-- Description of the task --
Omit the pictures and output every entry below exactly as written.

-- Material provided --
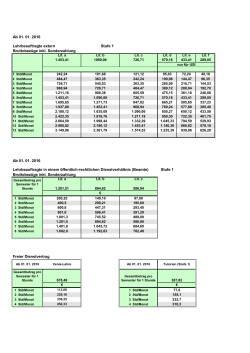 Remuneration Lehre Stufe 1 2016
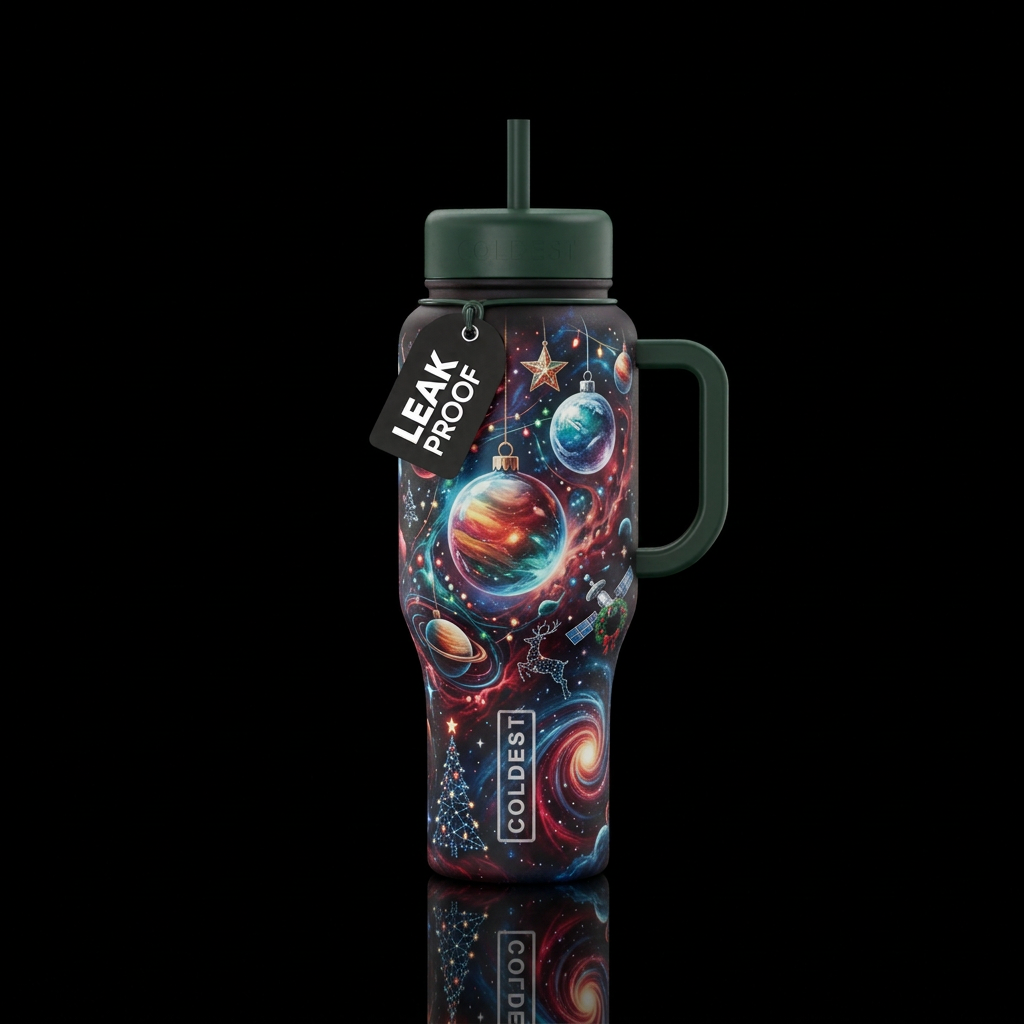Christmas water bottle design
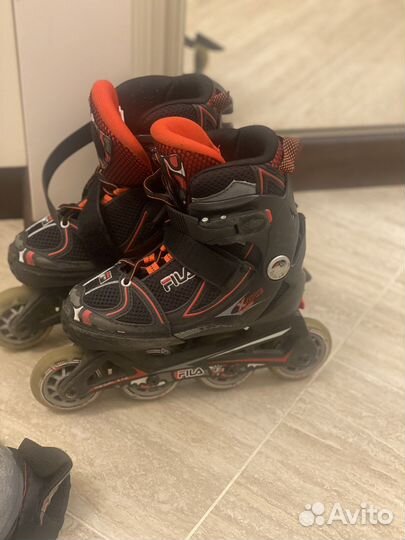 Роликовык коньки детские Fila
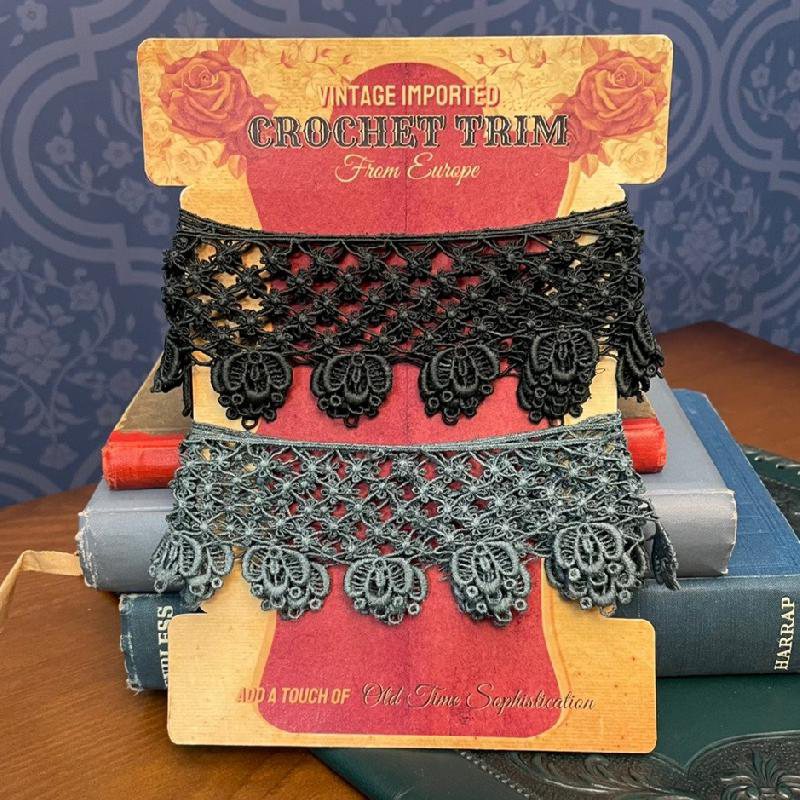 Vintage Imported Crochet Lace Trim - 05/Width 5.5cm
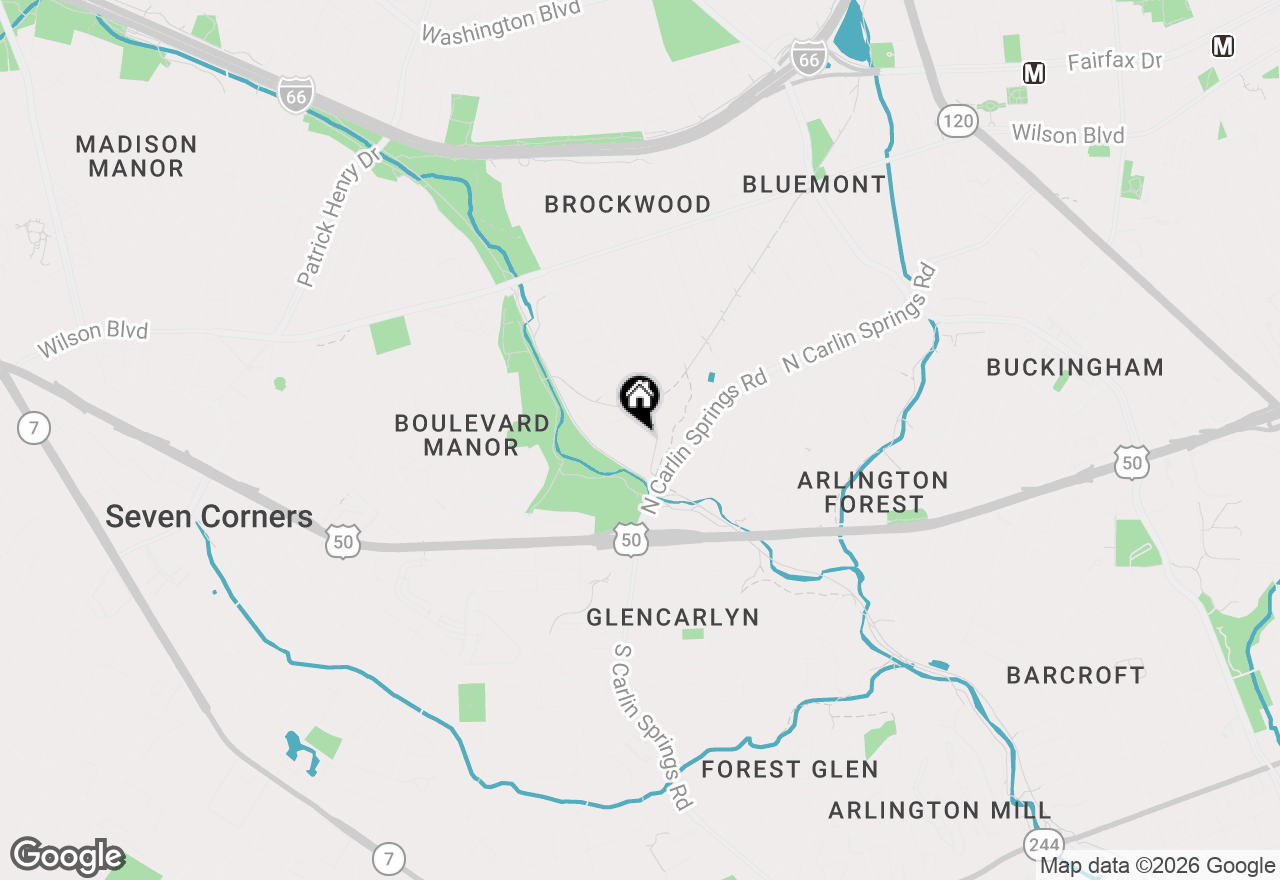 Map of 344 N Kensington Street, Arlington, VA 22205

-- Task result --
 Remuneration Lehre Stufe 1 2016
Christmas water bottle design
 Роликовык коньки детские Fila
 Vintage Imported Crochet Lace Trim - 05/Width 5.5cm
 Map of 344 N Kensington Street, Arlington, VA 22205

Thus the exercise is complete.